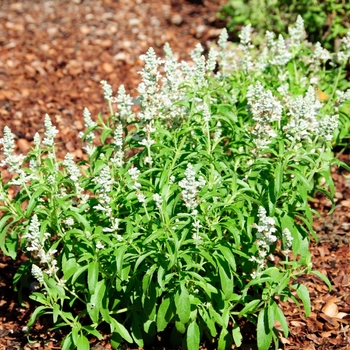 Salvia farinacea Cathedral™ 'White' (114204)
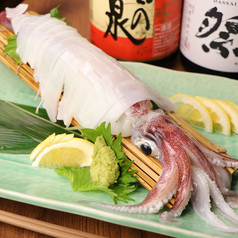 〆イカの姿造り(10g)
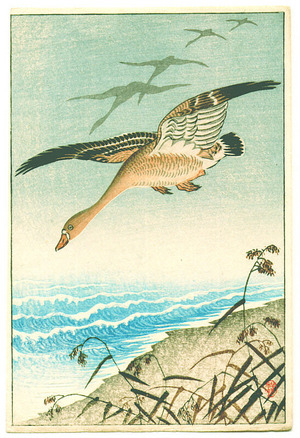 Japanese Print "Geese" by Ohara Koson, 小原古邨 (Ohara Koson)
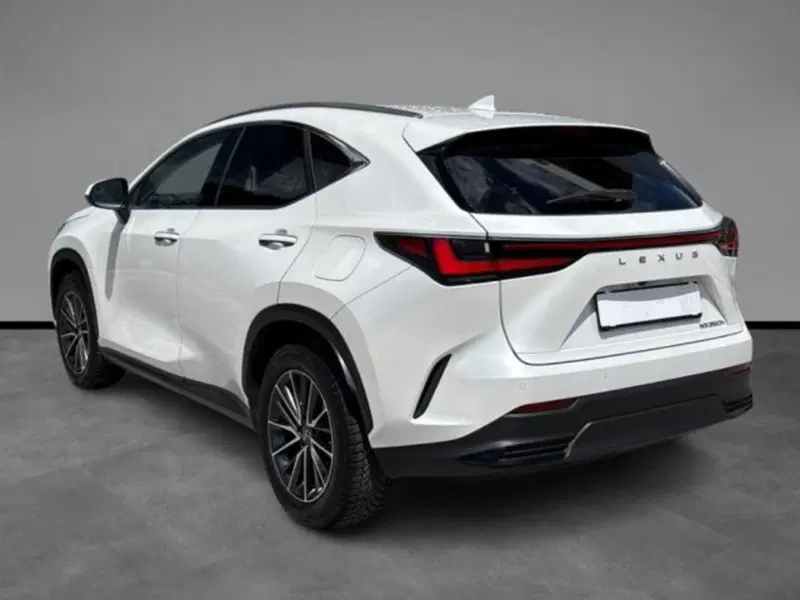 Lexus NX usata a Verona (3)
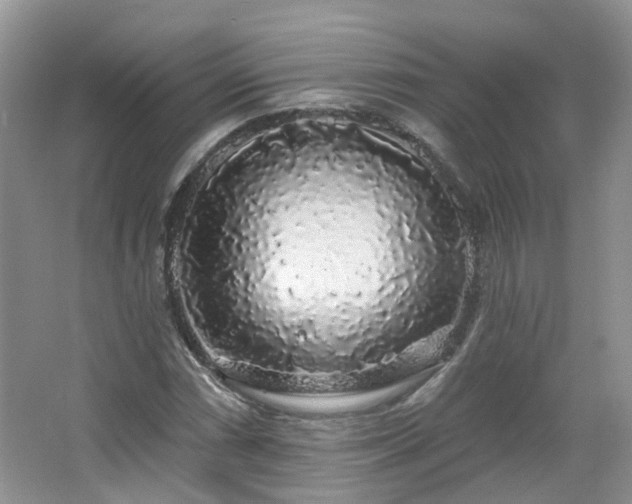 X0000064721066200602101118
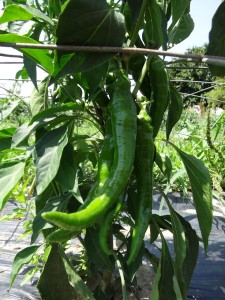 Piments doux des landes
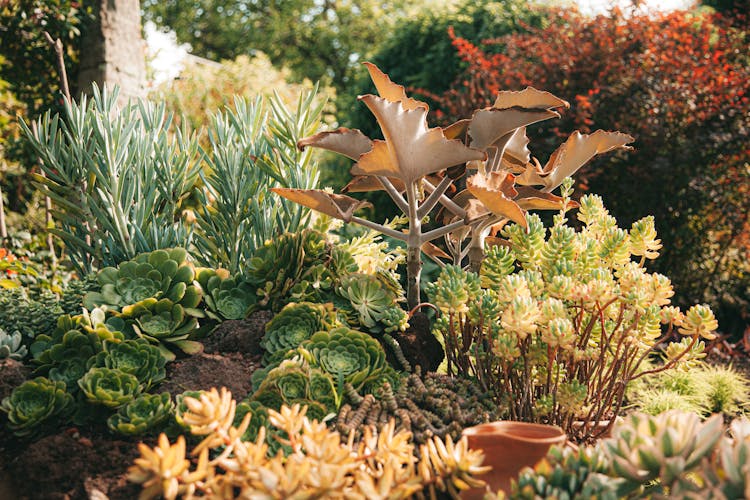 Close Up Of Green And Beige Plants In A Garden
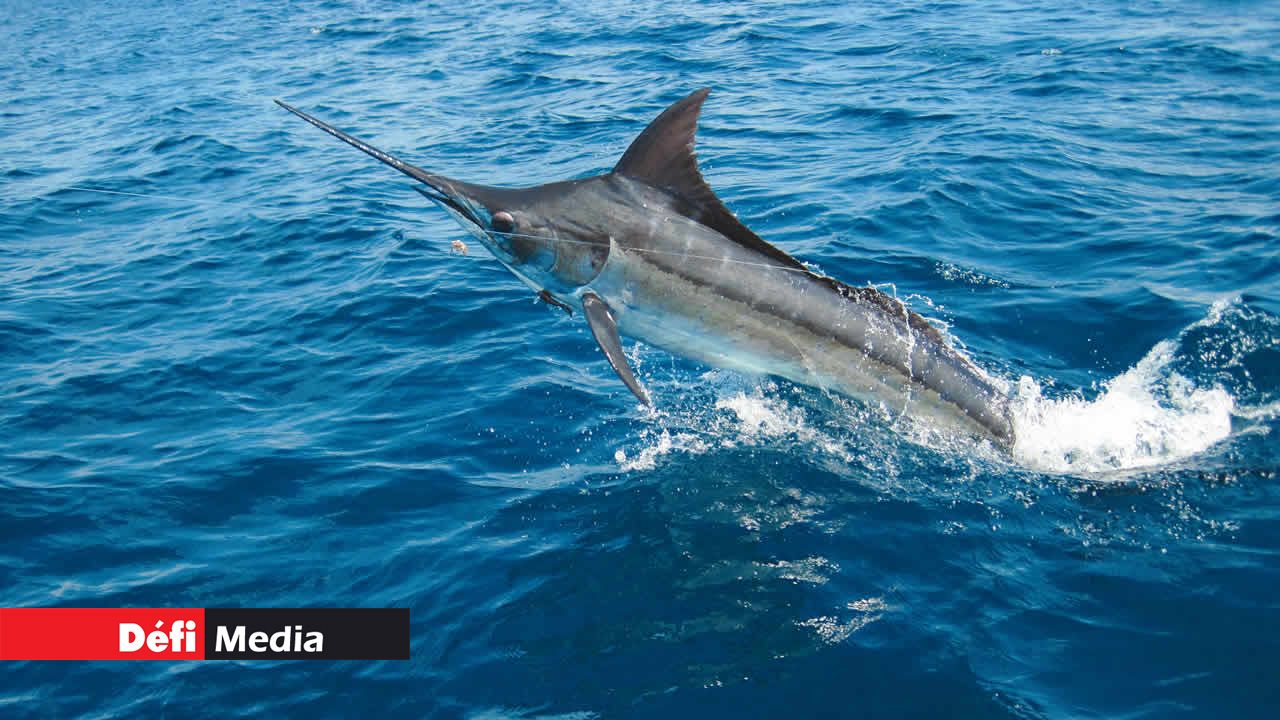 Les gros poissons trouvés dans les eaux mauriciennes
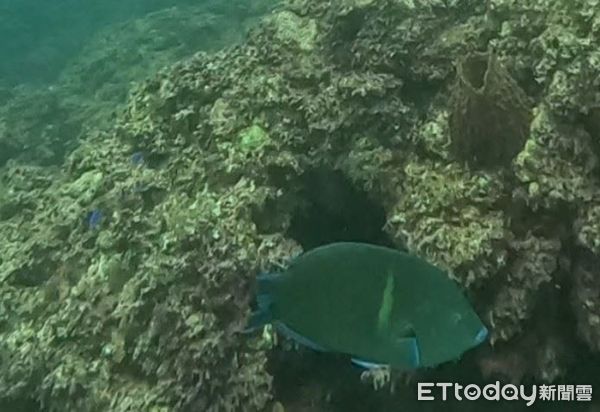 d7984066 ▲蝙蝠洞海域生態持續追蹤,水下調查揭開面紗,紀錄到62種生物(圖/新北市動保處提供)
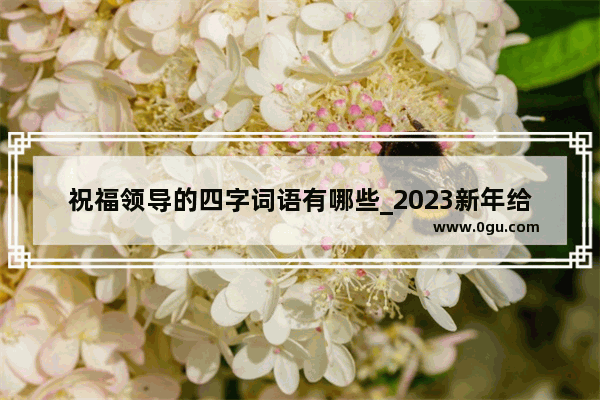 祝福领导的四字词语有哪些_2023新年给领导发祝福语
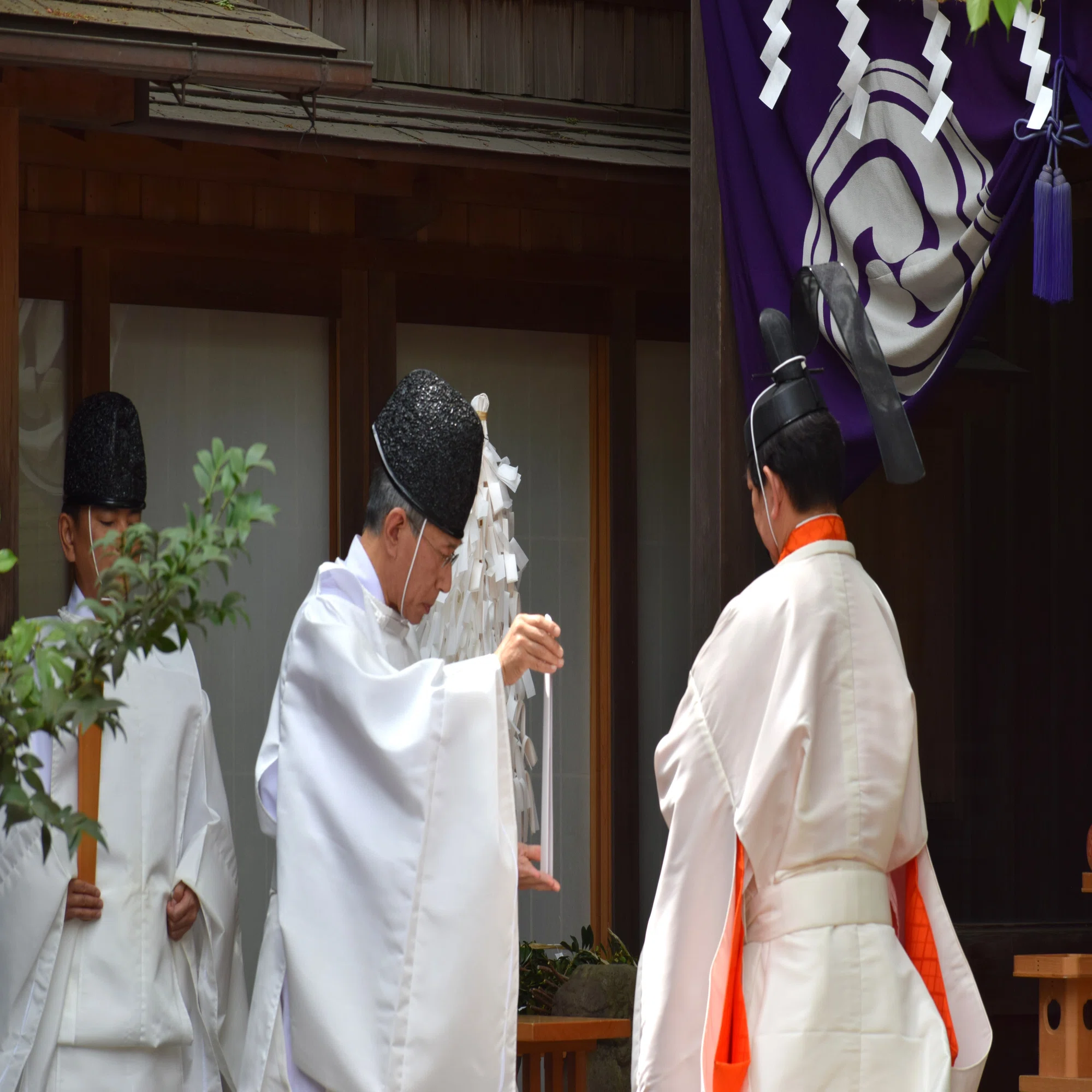 四季の彩りを楽しむ－装束－｜川越氷川神社
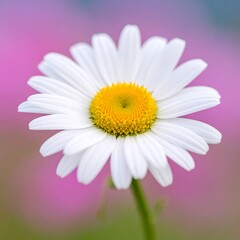 Fototapeta premium Close-up of a white daisy (1)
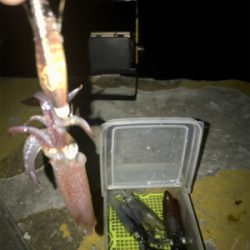 プチ1091モード ヒイカ釣り＼(^o^)／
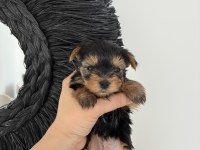 Kore kan yorkshire terrier bebeklerimiz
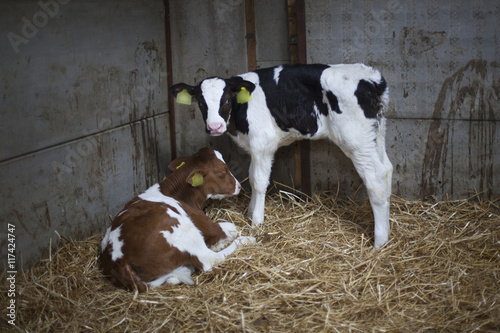 two young red and black calfs in straw of barn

> **Description of the task**: Please give every line above again word for word, apart from the pictures.

> **Task answer**:
 Salvia farinacea Cathedral™ 'White' (114204)
 〆イカの姿造り(10g)
 Japanese Print "Geese" by Ohara Koson, 小原古邨 (Ohara Koson)
 Lexus NX usata a Verona (3)
 X0000064721066200602101118
 Piments doux des landes
 Close Up Of Green And Beige Plants In A Garden
 Les gros poissons trouvés dans les eaux mauriciennes
 d7984066 ▲蝙蝠洞海域生態持續追蹤,水下調查揭開面紗,紀錄到62種生物(圖/新北市動保處提供)
 祝福领导的四字词语有哪些_2023新年给领导发祝福语
 四季の彩りを楽しむ－装束－｜川越氷川神社
 Fototapeta premium Close-up of a white daisy (1)
 プチ1091モード ヒイカ釣り＼(^o^)／
 Kore kan yorkshire terrier bebeklerimiz
 two young red and black calfs in straw of barn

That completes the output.